That rule, which prohibits players from entering the NBA draft until they are one year removed from high school, means top players often view college as a brief pit stop before playing professionally. Calipari has drawn many of these elite players here in recent years, knowing they likely wouldn’t be staying long.
Under Calipari, Kentucky has had as much raw talent as any team in the country — and a virtually brand-new lineup each fall. Longtime analyst Dick Vitale likens Kentucky basketball to a McDonald’s drive-through window where you grab your food and continue down the road.
“Down at Kentucky, you come through, you roll out in one year, you play in the NBA,” Vitale said.
“Simply put, he’s following the rules. The rules say a player comes in one year, he’s allowed to leave. You may not like the rule — I don’t like the rule — but he is following the rules.”

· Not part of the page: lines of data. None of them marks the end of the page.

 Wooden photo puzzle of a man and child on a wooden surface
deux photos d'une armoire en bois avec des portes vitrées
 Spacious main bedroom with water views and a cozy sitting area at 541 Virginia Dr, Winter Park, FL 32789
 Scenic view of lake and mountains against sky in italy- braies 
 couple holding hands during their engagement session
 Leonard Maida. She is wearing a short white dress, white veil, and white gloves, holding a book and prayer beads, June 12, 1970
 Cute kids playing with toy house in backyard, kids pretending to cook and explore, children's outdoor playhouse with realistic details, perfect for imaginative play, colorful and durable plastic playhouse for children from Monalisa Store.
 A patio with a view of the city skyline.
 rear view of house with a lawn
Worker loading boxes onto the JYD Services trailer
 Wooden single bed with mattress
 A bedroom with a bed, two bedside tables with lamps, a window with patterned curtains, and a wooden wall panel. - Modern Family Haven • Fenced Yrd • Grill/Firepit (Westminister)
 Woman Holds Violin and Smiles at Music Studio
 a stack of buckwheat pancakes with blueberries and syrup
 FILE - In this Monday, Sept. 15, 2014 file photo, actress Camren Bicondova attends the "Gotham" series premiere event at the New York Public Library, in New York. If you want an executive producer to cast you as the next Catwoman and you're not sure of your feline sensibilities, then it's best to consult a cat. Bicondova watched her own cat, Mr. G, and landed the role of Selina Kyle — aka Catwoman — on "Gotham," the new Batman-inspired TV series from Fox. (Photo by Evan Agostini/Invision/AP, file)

The most remarkable part might not be that Calipari gets the best players to Kentucky, gets them to the Final Four or gets them into the NBA. It’s that he gets them to play together. Even with Calipari’s long line of detractors, ESPN analyst Jay Bilas says what the Kentucky coach has done is “one of the great accomplishments in the history of basketball.”
Calipari makes no apologies. He took Massachusetts and Memphis to the Final Four — appearances the NCAA has since ordered vacated — before winning his first national title last spring. In the past three seasons, he has sent 15 underclassmen to the NBA. Six of those were drafted last spring, including the top two picks, Anthony Davis and Michael Kidd-Gilchrist.
That means when Kentucky opens its season Friday night, the Wildcats’ starting lineup will feature three freshmen and two sophomores. Kentucky is the only school in the country that doesn’t return a single player who has started at least one college game. While other coaches might talk about rebuilding, Calipari simply reloads. Kentucky starts the year ranked No. 3 in the country.
“I don’t think he gets the credit he deserves for what he gets out of them,” Maryland Coach Mark Turgeon said. “. . . The problem is, everybody’s just so jealous of him.”
‘It’s not my rule’
Calipari, 53, is lauded as a great recruiter and motivator — smooth-talking and sharp-dressing, cut from the Pat Riley mold. But much of the nation, as Calipari puts it, sees only a salesman who gets blue-chippers to campus and then “just rolls out the balls.”
“I go okay, I don’t know how we’re winning. Must be a magician. . . . I must be — what’s that guy in Vegas? The magician. That’s me. I’m David Copperfield. Ta-da!”